Where were you on December 8, 1980?
That night, actually. I was 23 years old. It was just after 11:00PM EST, I was watching the news on New York City's NBC channel 4 in my bedroom in New Jersey. Chuck Scarborough was delivering the news when he was handed a bulletin: "We just received some startling news. A man believed to be former Beatle John Lennon has been shot outside Central Park". That was all the details he had. Later in the broadcast he confirmed that the man was indeed John Lennon, and he had died.
I then shut the TV off and tuned my radio to WNEW-FM ("Where rock lives"). DJ Vin Scelsa, his voice shaking, was riffing on the shocking event that had just happened, lamenting that "the life of a man of peace would end in such a damnable manner". He then cued-up "Watching the Wheels" from John and Yoko's comeback album, "Double Fantasy". I fell asleep listening to the radio.

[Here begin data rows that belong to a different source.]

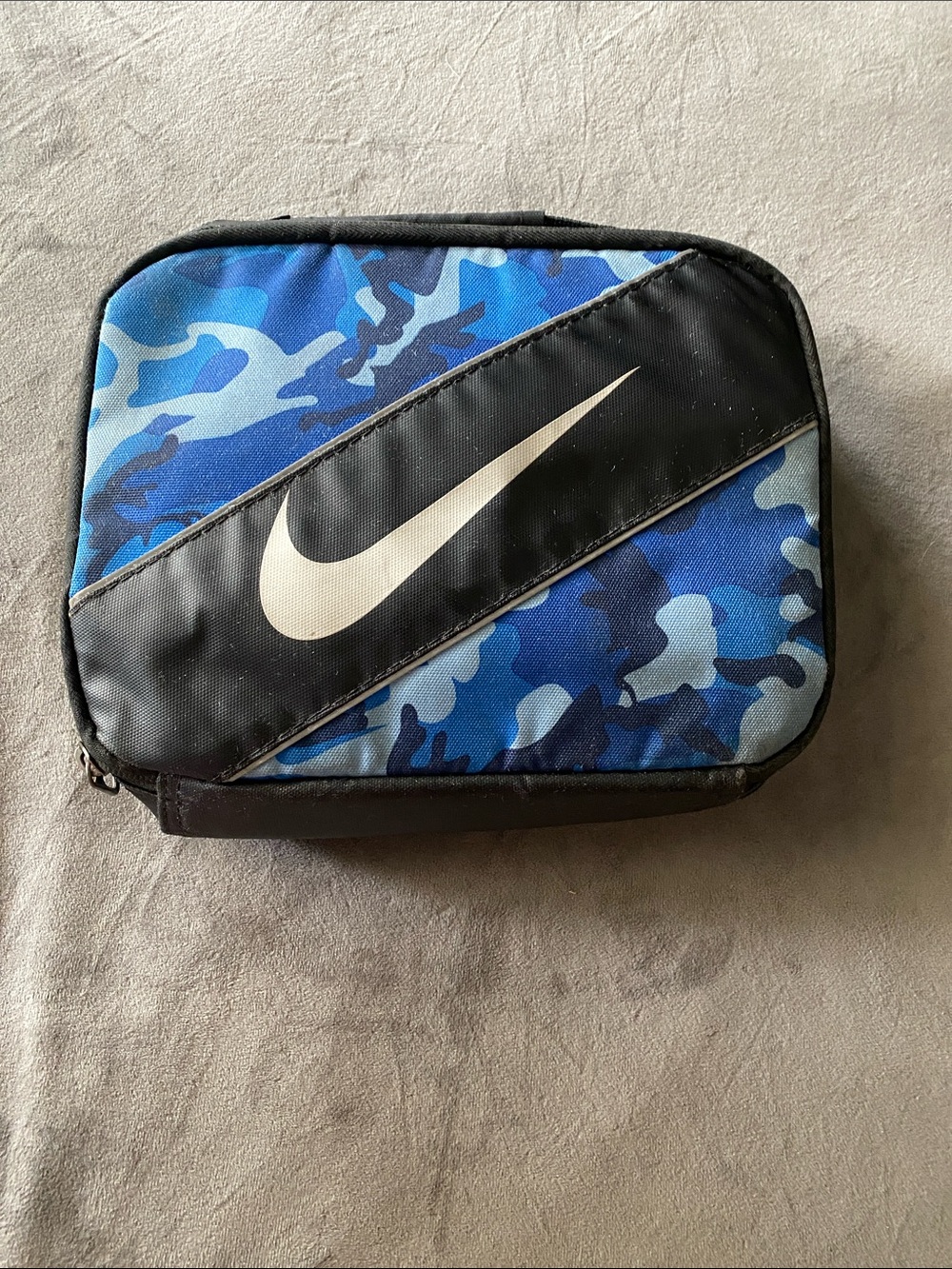 Nike lunchbox Blue Camouflage with Black Accent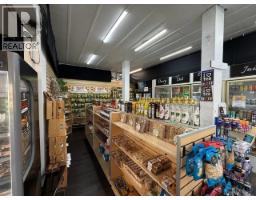 281 Willingdon Avenue, Burnaby, BC V5C5G1 Photo 9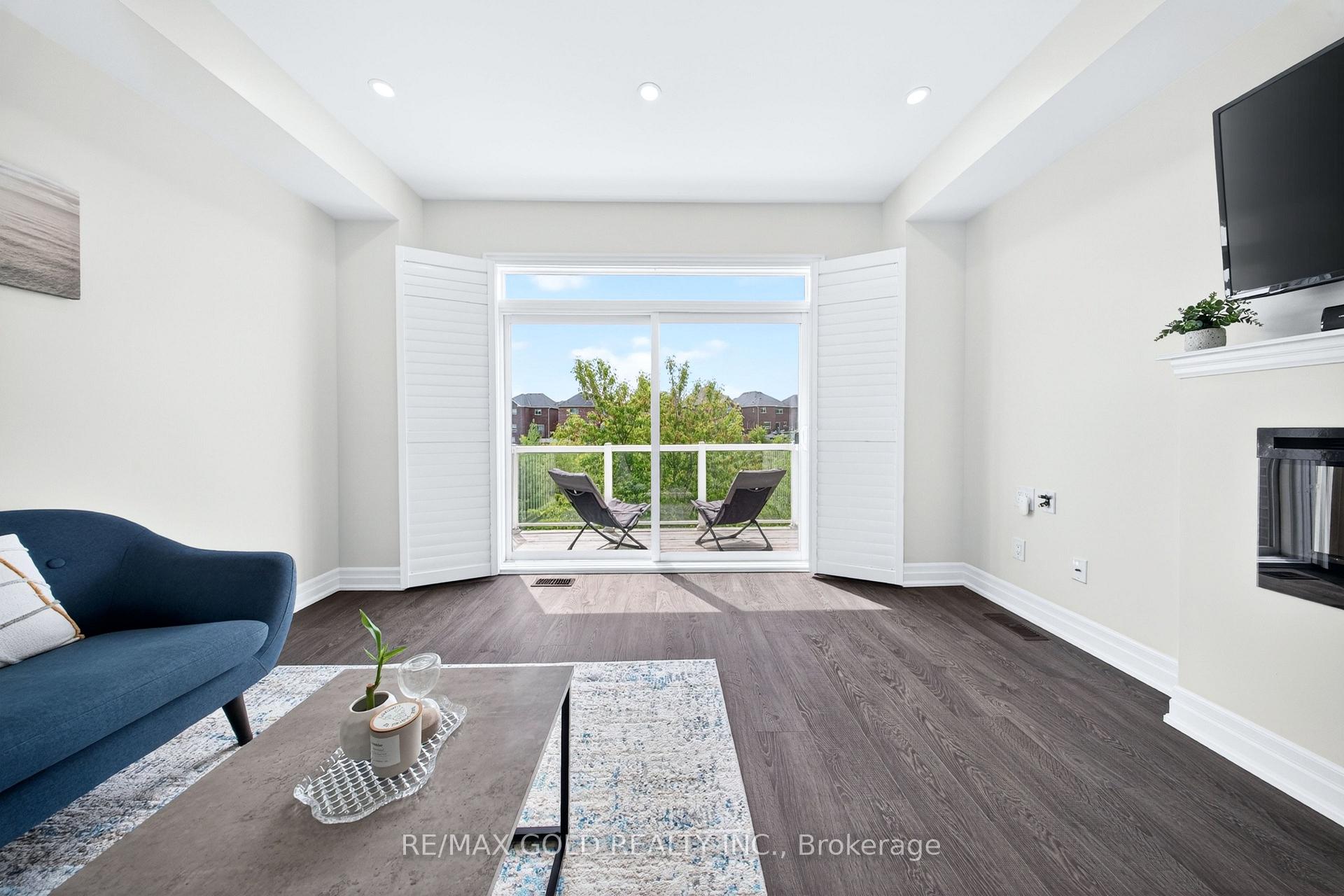Photo 24 of Unit 12, 384 Arctic Red Drive, Oshawa, Windfields — HOMEH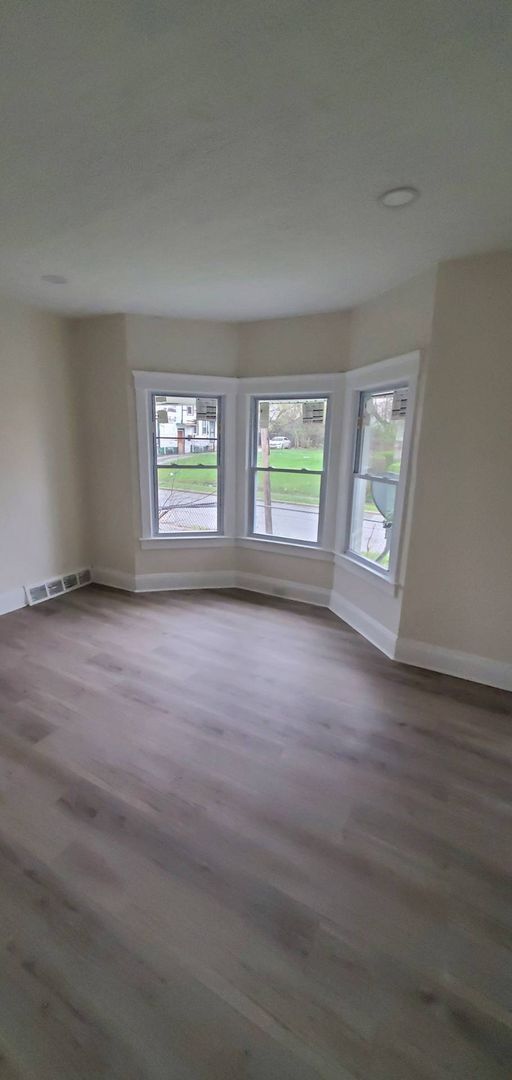 Building Photo - Charming 3-Bedroom Property in Prime Location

I cannot say that the death of John Lennon affected me personally, but like many of my generation, for us, the music of The Beatles was the soundtrack to our childhood and coming-of-age. From their arrival in 1964, a welcome antidote after the assassination of John F. Kennedy (another "Where were you?" moment) when I was in 2nd grade, to the break-up in 1970 when I was entering high school, to Lennon's surprise appearance at an Elton John concert in Madison Square Garden on Thanksgiving 1974. I had a third row center seat that night, and it was, of course, one of the highlights of my life as a music fan. It was also the last time Lennon would ever appear on a stage.
It is impossible to say what John Lennon would be doing now if he had lived. I am almost certain, however, that he would have continued to be an outspoken critic of war and an advocate for peace.
Would he have made more music? I hope so.